L'indicateur le plus éloquent de ce repositionnement est le taux de croissance économique, désormais projeté à 4 % contre les 6,5 % initialement inscrits dans la loi de finances de départ. Cette décélération s'explique par un ralentissement global, bien que l'activité reste soutenue à court terme par le dynamisme du secteur hors pétrole, attendu en progression de 4,4 %. L'exécutif est ainsi contraint de recalibrer ses ambitions face aux déséquilibres structurels et sectoriels qui menacent la stabilité macroéconomique à moyen terme.

En conséquence directe de ce ralentissement, le budget rectificatif de l'État se trouve équilibré en ressources et en charges à 5 495,2 milliards FCFA. En comparaison avec les 6 358,2 milliards FCFA planifiés à l'initial, la loi de finances de fin d'année accuse un recul sec de 862,9 milliards FCFA. Cette diminution globale est portée par l'érosion des recettes budgétaires nettes qui fondent à 2 928,2 milliards FCFA, soit un manque à gagner de 879,8 milliards FCFA par rapport aux prévisions initiales de 3 808,0 milliards FCFA.

Pour compenser ce tarissement des recettes courantes et assurer le bouclage du budget, les autorités accentuent leur dépendance aux mécanismes de financement de marché.

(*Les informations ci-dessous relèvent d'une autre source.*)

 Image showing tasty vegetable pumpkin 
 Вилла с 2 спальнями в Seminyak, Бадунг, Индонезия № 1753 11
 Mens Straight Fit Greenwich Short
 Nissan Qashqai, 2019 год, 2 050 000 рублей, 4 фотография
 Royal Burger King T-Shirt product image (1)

Les ressources de trésorerie et de financement s'établissent en hausse à 2 251,8 milliards FCFA, contre 2 186,3 milliards FCFA dans la première mouture, dégageant une augmentation de 65,5 milliards FCFA. Un écart comptable qui matérialise le recours accru du Trésor public à l'émission de titres obligataires et de bons du Trésor sur le marché régional pour combler le déficit de liquidités.

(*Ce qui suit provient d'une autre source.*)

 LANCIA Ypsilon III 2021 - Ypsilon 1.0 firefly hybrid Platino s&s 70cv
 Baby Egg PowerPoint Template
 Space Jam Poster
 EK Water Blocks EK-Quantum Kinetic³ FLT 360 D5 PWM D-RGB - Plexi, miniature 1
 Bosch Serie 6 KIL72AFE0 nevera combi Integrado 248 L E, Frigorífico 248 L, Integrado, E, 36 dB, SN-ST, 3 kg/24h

Ce cadrage révisé, bien que restrictif, se veut le gage du rétablissement de la discipline budgétaire exigé par les partenaires techniques et financiers (PTF). En anticipant les critères d'évaluation du FMI avant les négociations définitives relatives à la conclusion d'un nouveau programme, le Gabon cherche à stabiliser sa position extérieure et à restaurer la crédibilité de sa signature financière. L'enjeu des prochaines semaines consistera à naviguer dans cette enveloppe réduite de 5 495,2 milliards FCFA sans accentuer les goulots d'étranglement de l'économie nationale.